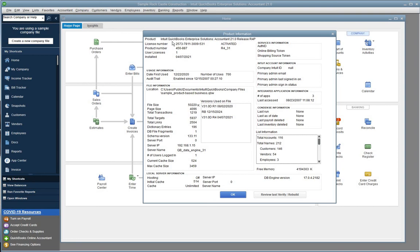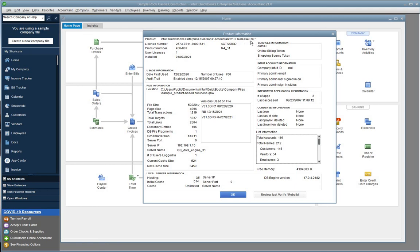So, here's product here. You see Intuit QuickBooks Enterprise Solutions Accountant 21. So, 21 is the version number. Accountant is the edition. The product is Intuit QuickBooks Enterprise Solutions. So, Enterprise is the product. And here's the release, R4P. So, R4.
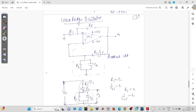Now we will try to understand the Wien Bridge oscillator. This is also a second type of oscillator. You can see here we have not used any RC network because we don't need to provide phase shift. This series RC network and this parallel RC network will be providing zero phase shift, and this feedback will be given to the non-inverting amplifier. We are using the operational amplifier as a non-inverting amplifier because the feedback is given to the non-inverting side.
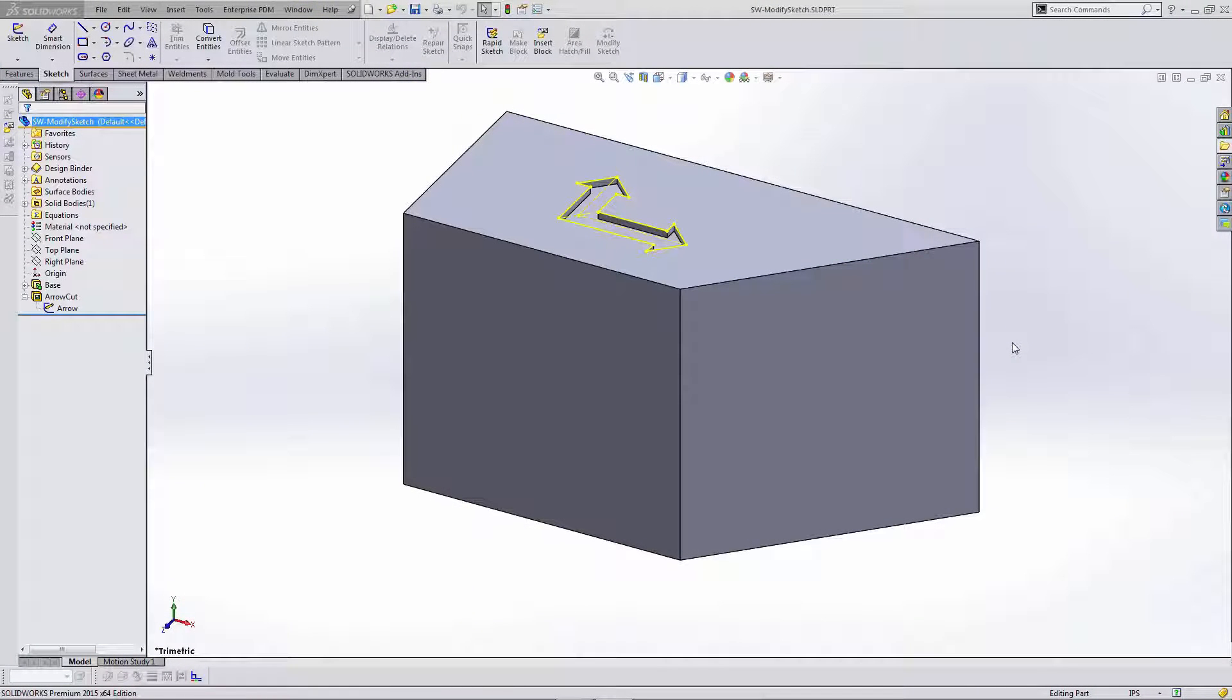Hello, my name is Ron Grover and I'm an application engineer for GoEngineer. In this video I will be demonstrating how to use the Modify Sketch tool in SolidWorks 2015.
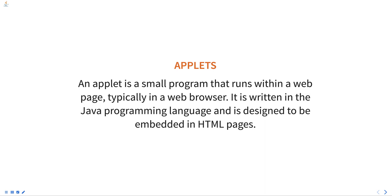Java programming language and is designed to be embedded in HTML pages. Applets are typically used to provide interactive features such as animation, games, data visualization, and other types of interactive content on web pages. They are executed by the Java virtual machine on the client side.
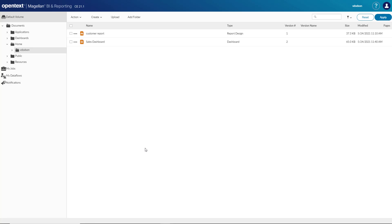Magellan BI and reporting has authoring environments from simple to advanced for everyone in the enterprise based on their skill set and data analysis needs.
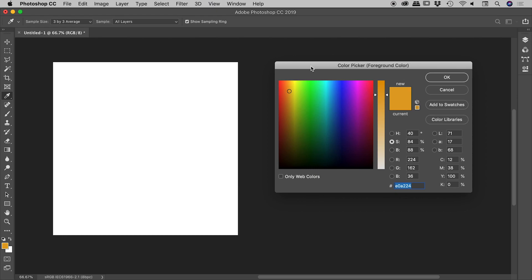Has this ever happened to you? You're inside of Photoshop's colour picker, and something just doesn't look right. You're thinking, should there really be a rainbow in this big square just here? And speaking of rainbows, shouldn't there be one running along this vertical bar? Well, you're not going crazy.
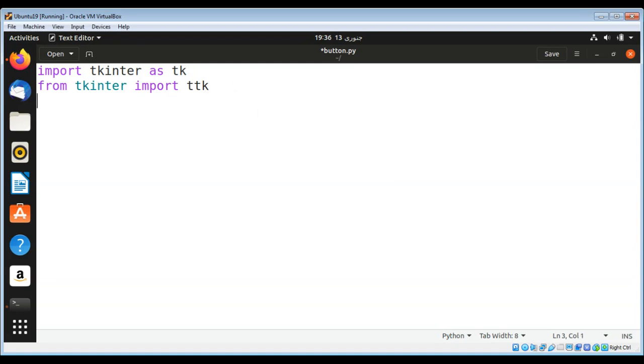Now I am going to create a class instance for our GUI: g = tk.Tk().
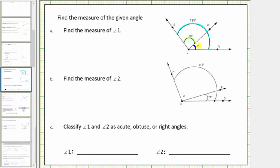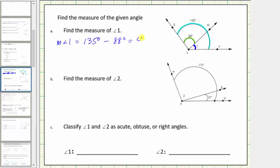So the sum of the measures of these two angles is equal to 135 degrees, and therefore the measure of angle one must equal 135 degrees minus 88 degrees. The measure of the large angle minus the measure of this angle must leave us with the measure of angle one. So the measure of angle one equals 135 degrees minus 88 degrees, which equals 47 degrees.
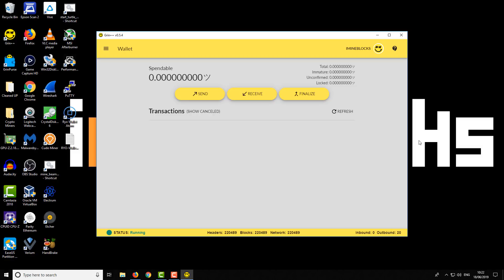Okay, so you can see here this is the basic wallet interface.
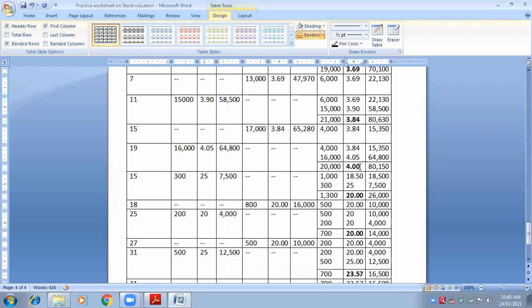A student asks: the exact rate is 4.007. The teacher explains — we want only two decimal digits. The third digit is 7, so we round up the second decimal: 0 + 1 = 1. Therefore the rate is 4.01.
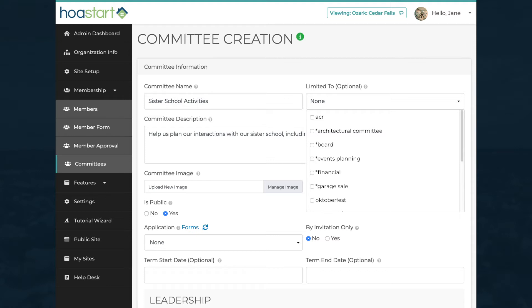When you set up other parts and pages of your website, you can use these tags to limit access to these features to members of specific committees.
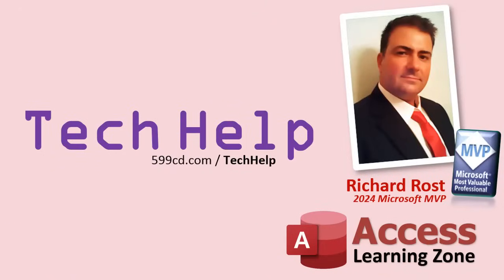So that's it. Once again, my name is Richard Rost. Thank you for watching this video brought to you by AccessLearningZone.com. I hope you enjoyed. I hope you learned something today. Live long and prosper, my friends. I'll see you next time.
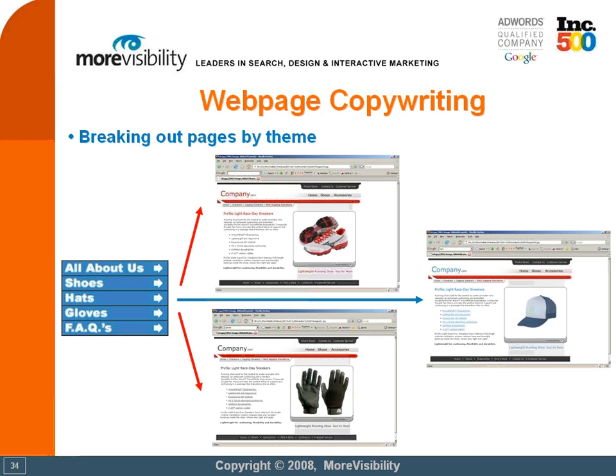Another common mistake that's made is having different themes on the exact same page. Sometimes this is done on purpose to fulfill the 200-500 word best practice. Other times, it is easier for marketers to place all of the text on one individual page. Neither of those reasons are acceptable in search engine optimization. In this example, we have shoes, hats, and gloves in our left-hand navigation bar. Instead of having all three categories on the same page, we've broken them out into three separate pages within our website. This way, someone looking for shoes can go directly to the shoes category, someone looking for gloves to the gloves section, and so on. It's not only an intelligent thing to do as far as search engines go, it's an intelligent thing to do as far as user experience is concerned.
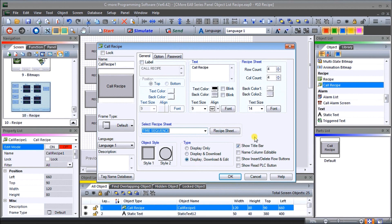On the right-hand side we can see Show Title Bar, which we have selected. We can make column names editable so we can name different columns different things - we'll leave that off. We can show Insert Row and buttons if we want to change recipes on the fly, and then there's Show Read PLC button, which reads the current values in the PLC up into the recipe. We'll leave that unchecked for now since we're only showing and editing.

···

_WHAT YOU WILL DO_
Only the pictures are to be left out; all other material is to be output exactly.

_OUTPUT FOR THIS EXERCISE_
So, here's product here. You see Intuit QuickBooks Enterprise Solutions Accountant 21. So, 21 is the version number. Accountant is the edition. The product is Intuit QuickBooks Enterprise Solutions. So, Enterprise is the product. And here's the release, R4P. So, R4.
Now we will try to understand the Wien Bridge oscillator. This is also a second type of oscillator. You can see here we have not used any RC network because we don't need to provide phase shift. This series RC network and this parallel RC network will be providing zero phase shift, and this feedback will be given to the non-inverting amplifier. We are using the operational amplifier as a non-inverting amplifier because the feedback is given to the non-inverting side.
Hello, my name is Ron Grover and I'm an application engineer for GoEngineer. In this video I will be demonstrating how to use the Modify Sketch tool in SolidWorks 2015.
Java programming language and is designed to be embedded in HTML pages. Applets are typically used to provide interactive features such as animation, games, data visualization, and other types of interactive content on web pages. They are executed by the Java virtual machine on the client side.
Magellan BI and reporting has authoring environments from simple to advanced for everyone in the enterprise based on their skill set and data analysis needs.
Has this ever happened to you? You're inside of Photoshop's colour picker, and something just doesn't look right. You're thinking, should there really be a rainbow in this big square just here? And speaking of rainbows, shouldn't there be one running along this vertical bar? Well, you're not going crazy.
Now I am going to create a class instance for our GUI: g = tk.Tk().
So the sum of the measures of these two angles is equal to 135 degrees, and therefore the measure of angle one must equal 135 degrees minus 88 degrees. The measure of the large angle minus the measure of this angle must leave us with the measure of angle one. So the measure of angle one equals 135 degrees minus 88 degrees, which equals 47 degrees.
Okay, so you can see here this is the basic wallet interface.
A student asks: the exact rate is 4.007. The teacher explains — we want only two decimal digits. The third digit is 7, so we round up the second decimal: 0 + 1 = 1. Therefore the rate is 4.01.
When you set up other parts and pages of your website, you can use these tags to limit access to these features to members of specific committees.
So that's it. Once again, my name is Richard Rost. Thank you for watching this video brought to you by AccessLearningZone.com. I hope you enjoyed. I hope you learned something today. Live long and prosper, my friends. I'll see you next time.
Another common mistake that's made is having different themes on the exact same page. Sometimes this is done on purpose to fulfill the 200-500 word best practice. Other times, it is easier for marketers to place all of the text on one individual page. Neither of those reasons are acceptable in search engine optimization. In this example, we have shoes, hats, and gloves in our left-hand navigation bar. Instead of having all three categories on the same page, we've broken them out into three separate pages within our website. This way, someone looking for shoes can go directly to the shoes category, someone looking for gloves to the gloves section, and so on. It's not only an intelligent thing to do as far as search engines go, it's an intelligent thing to do as far as user experience is concerned.
On the right-hand side we can see Show Title Bar, which we have selected. We can make column names editable so we can name different columns different things - we'll leave that off. We can show Insert Row and buttons if we want to change recipes on the fly, and then there's Show Read PLC button, which reads the current values in the PLC up into the recipe. We'll leave that unchecked for now since we're only showing and editing.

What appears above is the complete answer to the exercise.